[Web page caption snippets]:

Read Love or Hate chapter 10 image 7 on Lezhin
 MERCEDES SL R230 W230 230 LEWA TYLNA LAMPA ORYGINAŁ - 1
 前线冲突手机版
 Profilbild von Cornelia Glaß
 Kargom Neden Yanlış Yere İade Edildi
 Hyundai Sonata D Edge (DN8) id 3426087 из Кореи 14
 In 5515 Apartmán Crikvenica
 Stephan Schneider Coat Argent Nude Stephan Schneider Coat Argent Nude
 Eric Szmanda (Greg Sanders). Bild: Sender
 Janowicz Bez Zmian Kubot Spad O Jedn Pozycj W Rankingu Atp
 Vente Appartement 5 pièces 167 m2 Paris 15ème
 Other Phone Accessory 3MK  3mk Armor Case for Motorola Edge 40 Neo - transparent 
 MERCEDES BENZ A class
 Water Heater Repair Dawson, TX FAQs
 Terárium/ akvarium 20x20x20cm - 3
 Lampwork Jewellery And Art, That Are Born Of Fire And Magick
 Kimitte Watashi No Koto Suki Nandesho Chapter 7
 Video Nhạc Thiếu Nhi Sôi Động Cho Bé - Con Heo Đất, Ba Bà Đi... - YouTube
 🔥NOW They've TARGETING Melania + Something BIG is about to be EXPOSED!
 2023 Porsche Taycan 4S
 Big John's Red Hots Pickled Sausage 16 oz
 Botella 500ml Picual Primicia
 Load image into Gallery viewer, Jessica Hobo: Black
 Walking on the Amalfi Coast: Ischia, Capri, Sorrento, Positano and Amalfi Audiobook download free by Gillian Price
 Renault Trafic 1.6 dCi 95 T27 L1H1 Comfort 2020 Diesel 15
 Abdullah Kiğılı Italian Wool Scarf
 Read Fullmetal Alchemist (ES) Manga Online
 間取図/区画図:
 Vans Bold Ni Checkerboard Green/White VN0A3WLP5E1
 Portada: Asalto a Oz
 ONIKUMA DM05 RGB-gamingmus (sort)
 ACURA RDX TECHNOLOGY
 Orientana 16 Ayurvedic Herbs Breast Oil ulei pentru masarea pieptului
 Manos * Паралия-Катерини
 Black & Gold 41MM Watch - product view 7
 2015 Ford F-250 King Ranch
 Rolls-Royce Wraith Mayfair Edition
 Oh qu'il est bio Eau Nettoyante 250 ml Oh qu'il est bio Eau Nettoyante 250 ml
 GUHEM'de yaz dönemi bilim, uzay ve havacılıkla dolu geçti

[To do]:
Only the lines that contain the string "Edge" are to be copied from the records.

[Answer below]:
 Hyundai Sonata D Edge (DN8) id 3426087 из Кореи 14
 Other Phone Accessory 3MK  3mk Armor Case for Motorola Edge 40 Neo - transparent 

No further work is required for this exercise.